O’Connor lived with Sally and Robert Fitzgerald and their children on a farm in rural Connecticut for two years (1949-50). They remained close personal friends until O’Connor died in 1964. After O’Connor’s death, Sally and Robert Fitzgerald edited “Mystery and Manners; Occasional Prose” (1969). Sally Fitzgerald followed that with “The Habit of Being: Letters of Flannery O’Connor,” which won a National Book Critics Circle Award (1979), and the Library of America edition of O’Connor’s “Collected Works” (1988). Sally Fitzgerald published numerous essays on O’Connor as well, and at the time of her death was working on a much longer unfinished work on O’Connor’s life.

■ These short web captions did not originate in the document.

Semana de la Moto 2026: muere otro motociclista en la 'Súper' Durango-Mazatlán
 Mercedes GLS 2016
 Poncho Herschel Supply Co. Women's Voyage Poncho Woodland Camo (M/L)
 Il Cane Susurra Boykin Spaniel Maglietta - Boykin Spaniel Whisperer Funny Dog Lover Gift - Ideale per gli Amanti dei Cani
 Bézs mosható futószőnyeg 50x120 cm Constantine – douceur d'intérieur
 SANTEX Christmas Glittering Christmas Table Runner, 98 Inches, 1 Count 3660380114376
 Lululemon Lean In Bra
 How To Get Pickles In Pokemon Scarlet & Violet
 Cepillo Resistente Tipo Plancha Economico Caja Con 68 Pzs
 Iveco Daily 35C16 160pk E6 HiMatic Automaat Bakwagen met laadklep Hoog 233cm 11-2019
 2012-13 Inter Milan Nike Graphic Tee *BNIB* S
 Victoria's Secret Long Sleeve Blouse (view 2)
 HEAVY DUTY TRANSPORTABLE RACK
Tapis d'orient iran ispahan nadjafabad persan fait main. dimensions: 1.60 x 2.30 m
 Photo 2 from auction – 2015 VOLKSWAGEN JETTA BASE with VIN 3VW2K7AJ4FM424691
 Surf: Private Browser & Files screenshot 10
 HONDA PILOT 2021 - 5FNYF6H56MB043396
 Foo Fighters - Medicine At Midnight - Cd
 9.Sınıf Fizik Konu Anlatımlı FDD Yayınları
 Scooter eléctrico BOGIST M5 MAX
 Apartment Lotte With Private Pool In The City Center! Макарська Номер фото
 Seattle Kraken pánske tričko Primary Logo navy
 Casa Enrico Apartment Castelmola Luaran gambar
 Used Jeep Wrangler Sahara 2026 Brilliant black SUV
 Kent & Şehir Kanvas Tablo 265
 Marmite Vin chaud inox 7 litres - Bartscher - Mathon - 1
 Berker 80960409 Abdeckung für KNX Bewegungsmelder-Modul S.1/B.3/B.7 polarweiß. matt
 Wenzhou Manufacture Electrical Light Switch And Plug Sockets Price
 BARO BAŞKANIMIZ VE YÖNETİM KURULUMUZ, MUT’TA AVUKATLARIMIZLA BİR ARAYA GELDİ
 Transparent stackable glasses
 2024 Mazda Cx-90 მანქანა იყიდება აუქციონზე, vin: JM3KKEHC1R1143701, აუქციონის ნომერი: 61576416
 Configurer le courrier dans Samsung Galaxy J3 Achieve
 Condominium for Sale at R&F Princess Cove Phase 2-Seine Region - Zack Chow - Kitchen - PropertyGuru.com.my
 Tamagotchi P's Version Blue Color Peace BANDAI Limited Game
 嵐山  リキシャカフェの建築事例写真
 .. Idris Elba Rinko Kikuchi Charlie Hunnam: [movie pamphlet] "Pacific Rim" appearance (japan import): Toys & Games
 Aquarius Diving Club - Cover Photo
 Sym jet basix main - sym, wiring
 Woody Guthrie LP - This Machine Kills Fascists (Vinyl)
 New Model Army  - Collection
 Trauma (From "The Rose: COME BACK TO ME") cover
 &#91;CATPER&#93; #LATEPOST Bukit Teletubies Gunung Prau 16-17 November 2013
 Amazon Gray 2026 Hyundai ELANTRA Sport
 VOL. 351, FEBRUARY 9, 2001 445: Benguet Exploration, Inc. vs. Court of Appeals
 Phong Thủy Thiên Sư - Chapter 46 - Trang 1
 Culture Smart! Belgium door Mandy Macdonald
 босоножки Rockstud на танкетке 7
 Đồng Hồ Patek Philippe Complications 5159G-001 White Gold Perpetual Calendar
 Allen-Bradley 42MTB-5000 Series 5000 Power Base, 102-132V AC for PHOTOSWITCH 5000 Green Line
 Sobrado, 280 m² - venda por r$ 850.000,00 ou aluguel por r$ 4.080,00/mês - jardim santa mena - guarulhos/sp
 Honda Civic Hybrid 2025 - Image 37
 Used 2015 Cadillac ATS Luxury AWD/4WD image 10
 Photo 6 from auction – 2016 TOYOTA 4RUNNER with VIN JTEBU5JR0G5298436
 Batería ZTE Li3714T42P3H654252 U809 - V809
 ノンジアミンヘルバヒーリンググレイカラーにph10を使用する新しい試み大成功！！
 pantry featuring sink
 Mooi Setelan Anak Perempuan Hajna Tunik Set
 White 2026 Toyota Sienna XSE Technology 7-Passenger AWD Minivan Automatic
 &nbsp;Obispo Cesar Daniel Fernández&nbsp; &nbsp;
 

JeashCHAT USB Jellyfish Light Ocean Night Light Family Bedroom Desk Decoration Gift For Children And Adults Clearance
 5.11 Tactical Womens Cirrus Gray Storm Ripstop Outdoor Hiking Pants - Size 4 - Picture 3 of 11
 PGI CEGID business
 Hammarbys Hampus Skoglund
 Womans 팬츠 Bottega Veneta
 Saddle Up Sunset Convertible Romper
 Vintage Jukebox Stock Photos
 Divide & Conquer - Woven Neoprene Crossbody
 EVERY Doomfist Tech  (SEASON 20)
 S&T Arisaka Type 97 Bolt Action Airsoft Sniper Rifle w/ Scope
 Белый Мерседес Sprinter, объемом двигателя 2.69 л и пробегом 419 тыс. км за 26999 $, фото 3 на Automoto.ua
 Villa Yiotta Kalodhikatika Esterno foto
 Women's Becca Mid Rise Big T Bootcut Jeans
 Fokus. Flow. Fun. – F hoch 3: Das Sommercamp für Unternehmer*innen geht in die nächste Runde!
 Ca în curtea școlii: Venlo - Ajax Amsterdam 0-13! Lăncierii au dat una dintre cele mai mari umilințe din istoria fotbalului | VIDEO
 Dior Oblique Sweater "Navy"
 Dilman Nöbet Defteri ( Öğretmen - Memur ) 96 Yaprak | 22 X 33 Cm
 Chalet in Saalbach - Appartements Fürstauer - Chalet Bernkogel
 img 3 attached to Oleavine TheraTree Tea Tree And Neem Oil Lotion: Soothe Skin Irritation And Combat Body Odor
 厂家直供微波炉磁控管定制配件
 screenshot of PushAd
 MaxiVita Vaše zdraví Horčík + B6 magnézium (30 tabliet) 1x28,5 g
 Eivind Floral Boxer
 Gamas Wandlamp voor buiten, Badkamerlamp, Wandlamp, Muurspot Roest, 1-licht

In addition to voluminous research files on O’Connor, Fitzgerald’s papers include 84 letters written by O’Connor to Sally and Robert Fitzgerald between 1951 and 1964, as well as letters from O’Connor to her longtime editor Catherine Carver of Harcourt Brace. Carbon typescripts of the O’Connor stories include “The Enduring Chill,” “A View of the Woods,” “Everything that Rises Must Converge,” “Judgment Day,” and a complete typescript of O’Connor’s second novel, “The Violent Bear It Away” (1960).

The Beck and Vasser Woolley foundations announced their support for the acquisition at a recent celebration honoring Steve Enniss, outgoing director of MARBL, for his 15 years of service to Emory. Enniss begins work this month as the Eric Weinmann Librarian of the Folger Shakespeare Library in Washington, D.C.